… Then the thought occurred to Angulimala: “Isn’t it amazing! Isn’t it astounding! In the past I’ve chased & seized even a swift-running elephant, a swift-running horse, a swift-running chariot, a swift-running deer. But now, even though I’m running with all my might, I can’t catch up with this contemplative walking at normal pace.” So he stopped and called out to the Blessed One, “Stop, contemplative! Stop!”
“I have stopped, Angulimala. You stop.”
- The bandit Angulimala to the Buddha (Thanissaro)
Though the moral of the story is metaphorical, yet there is a truth on movement, in this case “running”. When my teacher asked how many steps do I take to arrive from the meditation hall to his quarter (a distance of approx 100 metre) I was already expecting the unexpected, but not the way he answered it. One step, he said. Uh?
Today, quantum physicists are confirming that time and space are just illusions. Past, present and future all occur simultaneously. We are actually nonlocal beings having a local experience. It may look like you ‘re over there and I’m over here, but it’s a lie. Space is just a separation idea, as is time.
– Gary Renard, Your Immortal Reality
There are two ways of experiencing experiences – either at the object level (which I will refer to as the world), or the subject (the processes occuring at the mind level). Both have different end results. If my attention is given to the world, I am to expect what the world is offering me – separation. If my attention is given to the mind processes, I am to experience what is already here for me – “what is already here” is all I have, for all ideas never left its source.
I have not gone anywhere else except where I am NOW
(if only this can be true).
Lets look at this thing call “movement”. In truth movement cannot be seen except to be felt, just like colours cannot be tasted except to be seen. If I can’t see movement then what am I seeing? Optical illusion. Movement is an optical illusion arising from my inability to stay precisely in the Now. To stay in the Now needs precisely constant awareness, concurrent with the arising of consciousness. Each now ceases and is immediately replaced by a new now, unending, unbroken. The inability to see this process brought about the concept of past and future. There is no future, no past, except now. The moment I am unconscious to this reality, I am sucked into the imaginary past and future, into the stream of unawareness, denoted by the meaning of “time”. “Now” is never about the world.
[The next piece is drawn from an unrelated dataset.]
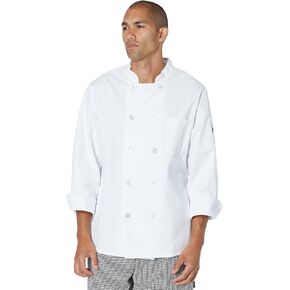 Chef Designs mens Ten Pearl Button Chef Coat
Neither is past or future, except a dream. Now, past or future is a mental occurence though I may think it has got to do with day and night, or clock and time.
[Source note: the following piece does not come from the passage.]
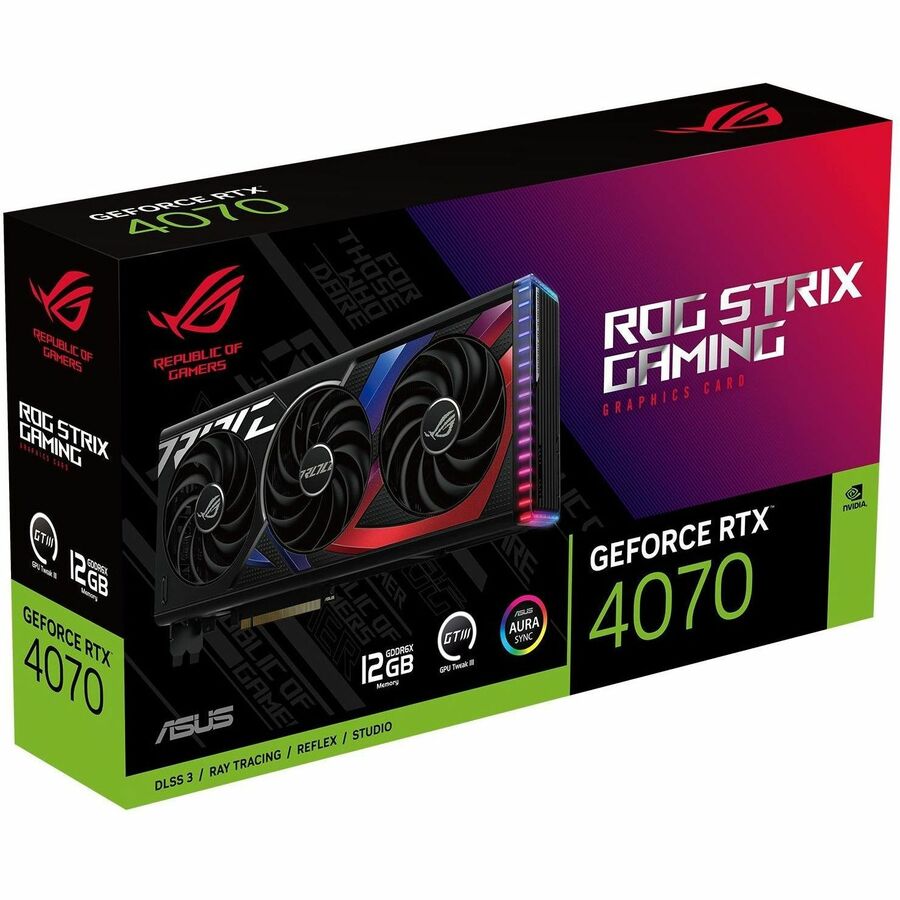Asus ROG NVIDIA GeForce RTX 4070 Graphic Card - 12 GB GDDR6X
When the awareness radar is made to turn inwards directing to the mind, the whole scope of reality changes. At each moment of now “I am” always here – neither there nor anywhere – but here, in mind existence. Even “here” is incorrect, except a mean to express in-existence. If everything is in a constant flux, including “me” – where is time, where is space, where is distance? Could the “everything” be an illusion of the mind springing from the meaning of “I”?
The stream of consciousness flows, ceasing and passing away, to be conditioned by another.
How it arises, no one knows. When it ends, no one knows.
chim.. chim…
What does it take to be in the “now”? Who/What is in the “now”?
“Now” is a definition for presence. Without presence there is no now. Thus now is a mind experience rather than the external time. What does it take to be in the “now”. Not forgetting. The word “sati” in Pali, loosely translated as mindfulness, actually refers to “not forgetting”. Not forgetting to be attentive to what is ongoing in the mindbody processes. Observe that the moment you remember to be in the now, awareness automatically takes over. The meaning of now arise – that is the function of perception. Who/What is in the “now”? Conditioning (which does not know itself) and (when there is non-forgetting), wisdom (which knows).
good stuff.
don
editor
spiritnewsdaily.com
Who/What is presence? There are myriads of things going on in the mindbody processes. Which is most “helpful” to be in the “now”? Any clue to differentiate when “conditioning” is in progress and when “wisdom” takes over?
Presence is a part of wisdom, conditioned by wisdom. To recognize wherever the mind is, is now.